* [Directions for this task] Print the data that follows word for word, leaving out any picture.

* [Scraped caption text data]

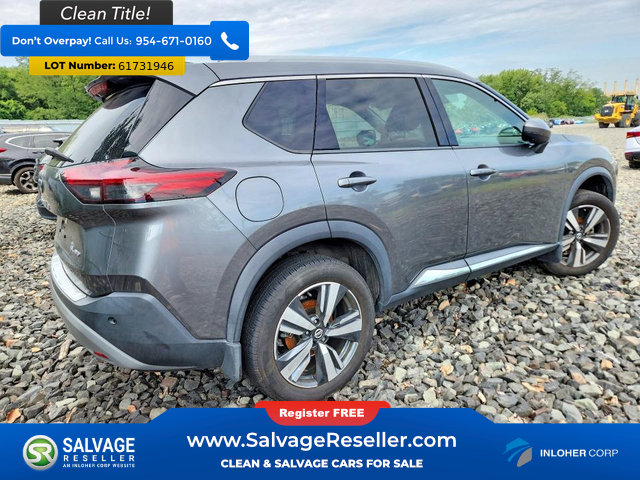 Used 2021 Nissan Rogue SL AWD/4WD image 4
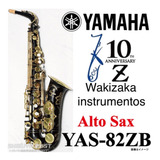 Sax Alto Yamaha Yas 82zb(made In Japan)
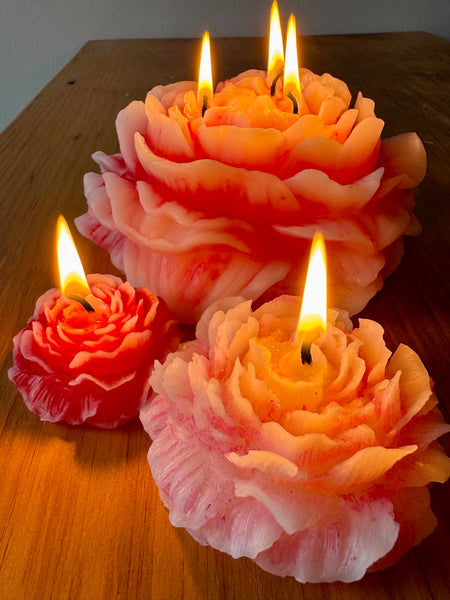 Peony Candle Class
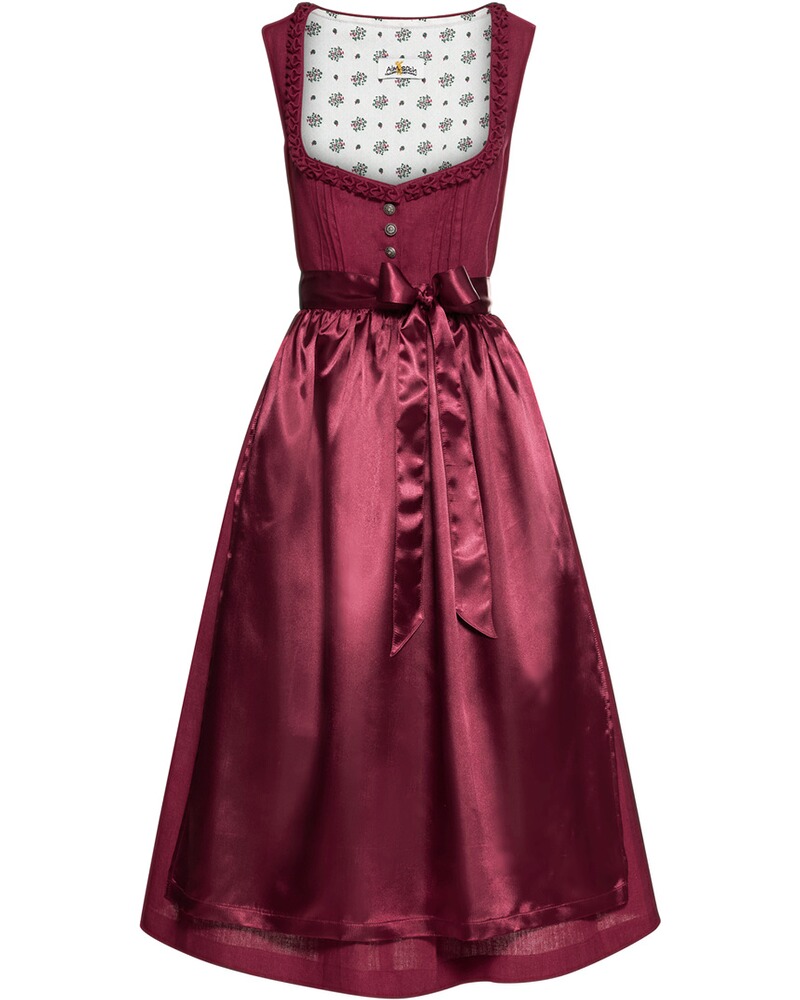 Langes Leinendirndl
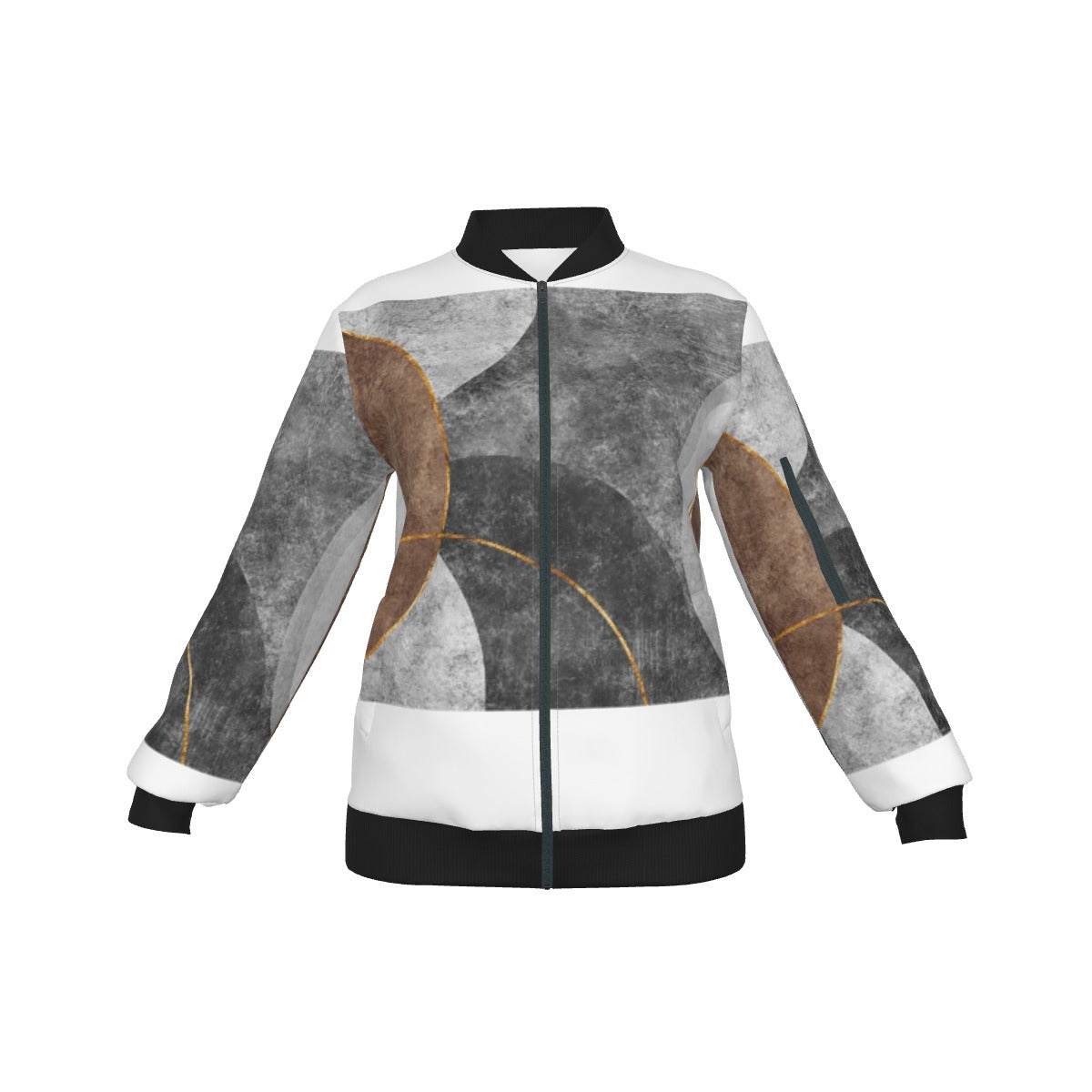 All-Over Print Women's Jacket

* [Answer for this exercise]
 Used 2021 Nissan Rogue SL AWD/4WD image 4
 Sax Alto Yamaha Yas 82zb(made In Japan)
 Peony Candle Class
 Langes Leinendirndl
 All-Over Print Women's Jacket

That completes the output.